¡Ese rumor que en vuestra alcoba, escasa de luz… es la
voz de un espíritu, que pasa agitando sus alas en la sombra! Amado Nervo.
Por un amor
incómodo y frustrado, la llamaron Deyanira. Su piel morena y ojos de lustre
luminoso hicieron su camino un desquite de cielo o de infierno colosal. Era
verano. La canícula caía sobre la tierra estéril como la fusta a un potro
indómito y malvado.
El cielo
ceniciento con un polvo volátil con el viento arrasaba sin piedad el rancherío.

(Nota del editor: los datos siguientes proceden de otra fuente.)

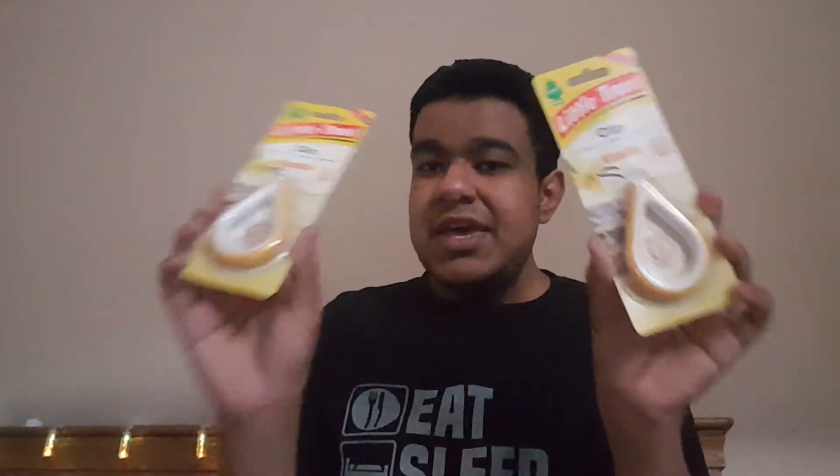Then I saw these ones — the Little Trees Vanilla Clip ones. These are different: you take them out of the packaging and clip them around the wing mirror. I thought these were exciting for my dad's car. At the moment in my dad's car I have an Airwick Vanilla and Spice Room Sachet from eBay. My brother loves Little Trees Vanilla so hopefully these should be really nice. They were £3.50, which is a bit pricey, but I really wanted to give them a go.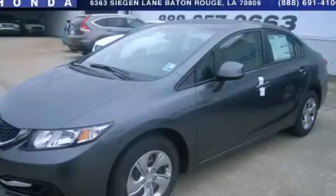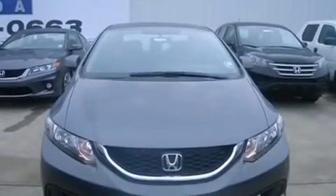This is a brand new 2013 Honda Civic. It features a 1.8 liter four-cylinder engine and a five-speed automatic transmission.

El río seco, las aguadas mermadas y sedientas. Sin sombras para albergar una
sonrisa, un sofoco persistente o un doloroso recuerdo de otros días.
Así llegó
la niña. Del vientre deformado por la ira de su madre que nunca quiso verla. Y
la llevaron hasta el otro valle. La recogió una mujer discreta y solitaria. Le
dio un cobijo de madre. Modesta era el nombre de quien albergó a la pequeña. Su
vida era ese recuadro de vergel que con astucia y paciencia había logrado
arrancarle al erial.
Al comienzo
alimentaba a la niña con leche de una pastora que venía de los alrededores a
amamantar a Deyanira. Cuando supo que ya la pequeña podía comer otros
alimentos, preparó con esmero papillas y caldos.
Observaba
el sueño de la niña, mientras soñaba con el futuro de ambas. Ella, la estéril,
había tocado el cielo con las manos. Tenía en su regazo una vida que crecía con
un ritmo normal y precioso.
Todas las
tardes, cuando el sol se ocultaba tras los árboles, ralos de hojas, se sentaba
en una hamaca a cepillar el suave cabello de la chiquilla. Seda castaña que
empujaba para dejar guedejas brillantes. Modesta, usó lasos de colores vivos y
animó el efecto de su cabellera para hacer feliz a la pequeña. Su compañero,
Demetrio, la observaba a distancia porque se sentía opacado tras la llegada de
Deyanira.
Demetrio siente
un vacío oculto en su corazón, desplazado por ese canturrear tierno que empobrece
el antiguo silencio. Los perfumes familiares a su matriz de hombre rústico de
campo, acostumbrado al perfume de los eucaliptos y estiércol de los animales. Espía
a su mujer, en su interior la odia y sueña con matarla. ¿Cómo puede ahora
deshacerse de ella? ¿Y la niña, esa intrusa que genera una ira incontrolable en
su espíritu? Huye. Se esconde en los plantíos de maíz. Se pierde en un mar de
verde amarillento.
La niña
camina. Corre tras las piernas cuyas huellas de bosta y barro, se desplazan en
el galpón. Nadie mira. Hay un despilfarro de pájaros que revolotean junto al
pozo. Ladran los perros cerca del chiquero. Corren las comadrejas que se mezclan
con las aves. La pequeña cae. Demetrio, la deja llorando.
Modesta
corre, recibe un golpe en la espalda, inesperado. Igual se yergue y levanta a
la nena y la abraza. El humor del hombre es bravío. Un insulto estalla y la
mujer se desplaza como tigresa asustada. Entra en la casa y se parapeta en la
cocina.
Espía por
la celosía que entreabre para husmear. Allá ve la figura umbrosa de su hombre. Tiene la fusta en la mano y sabe
que pronto romperá la puerta y entrará chicote en mano contra ella. Ya vio su
mirada. El odio. ¿Qué puede hacer ahora?
El sueño la
contiene. Se duerme apoyada en la tabla de amasar. Deyanira duerme en su cama.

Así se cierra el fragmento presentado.